In 1995, video games where entering the realm of 3D graphics. It wouldn’t be long until most games would be brought to you in that not-so-visually-pleasing, early, 3D polygon style, and many developers where already playing around with this kind of tech. Konami, and programmer Yoshitaka Murayama, instead decided to focus on story and gameplay
instead of the those 3D graphics that were becoming all the rage. This gave birth to the first Suikoden title, a JRPG with fun, fast combat, an excellent story based on the Chinese classic Water Margin, and a colorful cast of personalities. It did well enough to warrant a sequel in Suikoden II, which took everything players loved about the first one and made it better, giving birth to another example of a game I rank among the highest. No matter how many times I play this game, I can't think of a single thing I would change about it.

Admittedly, Suikoden II didn’t have the biggest splash on the video game world. But, despite competing directly with Final Fantasy VIII and being a 2D game in a largely 3D industry, Konami’s fantastic JRPG wowed any and all who actually played it.

At the core of what makes Suikoden II so lovable and timeless is a magnificent combination of deep but simple storytelling, streamlined combat, and beautiful graphics that complement all other aspects perfectly. The player controls a hero named by them, who, with his friend Jowy, are part of a youth division in the Highland army. They are betrayed by their commanding office and Luca Blight, Prince of Highland and legendary video game villain extraordinaire. After meeting up with some mercenaries, the hero finds himself involved in a massive war, one in which he is destined to play a big part in. He eventually gains control of an army, and even his own castle, which becomes one of the more enjoyable focal points of the game. The player uses these resources to bring the fight to Luca Blight.

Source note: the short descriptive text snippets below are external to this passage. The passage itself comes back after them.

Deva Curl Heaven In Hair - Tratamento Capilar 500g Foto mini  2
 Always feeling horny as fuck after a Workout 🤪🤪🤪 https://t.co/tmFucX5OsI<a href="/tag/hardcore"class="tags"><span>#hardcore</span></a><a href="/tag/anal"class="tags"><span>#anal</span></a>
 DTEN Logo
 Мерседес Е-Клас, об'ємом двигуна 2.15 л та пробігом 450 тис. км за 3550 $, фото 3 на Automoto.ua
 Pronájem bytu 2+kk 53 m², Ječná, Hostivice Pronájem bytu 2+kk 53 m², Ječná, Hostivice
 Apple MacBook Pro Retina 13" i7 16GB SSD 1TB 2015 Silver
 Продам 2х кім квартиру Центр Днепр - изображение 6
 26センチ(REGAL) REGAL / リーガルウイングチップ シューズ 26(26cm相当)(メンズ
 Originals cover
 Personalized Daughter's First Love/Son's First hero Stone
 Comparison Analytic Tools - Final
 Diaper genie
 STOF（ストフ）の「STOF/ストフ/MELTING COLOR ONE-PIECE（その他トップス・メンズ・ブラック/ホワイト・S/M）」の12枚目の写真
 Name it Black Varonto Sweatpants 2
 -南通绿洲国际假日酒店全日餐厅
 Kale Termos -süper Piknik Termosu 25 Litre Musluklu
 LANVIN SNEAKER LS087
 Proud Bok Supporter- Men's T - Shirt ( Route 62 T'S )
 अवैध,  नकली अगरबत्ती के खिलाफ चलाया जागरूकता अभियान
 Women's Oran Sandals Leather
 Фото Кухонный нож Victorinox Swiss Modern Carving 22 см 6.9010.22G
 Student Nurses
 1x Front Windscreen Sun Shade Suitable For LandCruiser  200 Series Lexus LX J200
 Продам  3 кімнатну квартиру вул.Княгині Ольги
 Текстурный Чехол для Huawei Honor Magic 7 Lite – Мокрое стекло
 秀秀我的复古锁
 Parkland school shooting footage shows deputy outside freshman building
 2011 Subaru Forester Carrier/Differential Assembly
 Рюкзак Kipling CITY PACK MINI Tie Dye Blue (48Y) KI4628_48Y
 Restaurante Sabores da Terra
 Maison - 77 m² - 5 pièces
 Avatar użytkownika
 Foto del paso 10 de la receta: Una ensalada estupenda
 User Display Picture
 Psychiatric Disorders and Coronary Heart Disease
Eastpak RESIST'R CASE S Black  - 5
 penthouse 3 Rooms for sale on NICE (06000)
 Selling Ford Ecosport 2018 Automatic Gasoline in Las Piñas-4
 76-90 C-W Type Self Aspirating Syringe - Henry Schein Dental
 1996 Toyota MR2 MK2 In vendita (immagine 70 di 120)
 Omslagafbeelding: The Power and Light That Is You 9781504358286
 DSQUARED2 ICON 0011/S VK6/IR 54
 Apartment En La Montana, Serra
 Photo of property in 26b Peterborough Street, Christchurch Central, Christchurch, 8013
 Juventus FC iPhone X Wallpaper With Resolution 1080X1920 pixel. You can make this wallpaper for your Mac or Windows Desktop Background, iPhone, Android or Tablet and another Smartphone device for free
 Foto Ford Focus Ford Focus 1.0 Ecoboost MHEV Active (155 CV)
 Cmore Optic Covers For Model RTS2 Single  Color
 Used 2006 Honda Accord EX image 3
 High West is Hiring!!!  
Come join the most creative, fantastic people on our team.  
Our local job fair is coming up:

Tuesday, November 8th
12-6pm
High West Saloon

And thus, players are introduced to the main focus of all core Suikoden games in the series: the finding and acquisition of up to 108 unique characters to help you fight the good fight and upgrade you army/castle. This is where Suikoden II, even more so than its excellent predecessor or its many sequels, excels at storytelling. Each character, recruitable or not, is unique in their personality, goals, aspirations, attitudes, and even the abilities they can bring to your army. Each character that you encounter adds more depth to a story that is already rich with political intrigue, betrayal, love, sadness, and triumph. On top of that, in true Game of Thrones fashion, no one ever feels safe from death, and players are hit hard several times with the loss of someone they have grown to love.

While the story is grand and quite deep, the gameplay further exemplifies that sometimes simplicity is the most fun. The basic turn based battle system, like typical JRPGs at the time, features up to six-on-six combat, including attacking, defending, magic, and so on. However, the auto-attack feature streamlines the combat so that weaker random encounters never feel tedious or burdening. The rock, paper, scissors style duels return from Suikoden, giving a bit of variety to combat, and more than a little personality and storytelling. The same could be said about the massive battle system, which returns with a much more streamlined and enjoyable system. It still features the same rock, paper, scissors style as duels, but each character your recruit puts more abilities and tactics at your disposal, giving you a truly unique experience whenever you are defending or laying siege, depending on who you take into battle with you.

Outside of the gameplay, Suikoden II is a stunning reminder of just how great 2D environments can be. The color palette is alive with vibrant images, the sprite-art animations are diverse for each character, giving an enormous amount of frames for character animations. The scenery and backgrounds themselves are striking, with bold outlines and a lively looking environment.

Suikoden II may have released to modest sales, especially in the states, but those who played it back upon release, and those that have been able to enjoy it thanks to its release on the PlayStation Network, know what it has to offer, even years later and after several sequels. Few games since then have been able to craft such a unique balance of everything a gamer could ask for from a JRPG.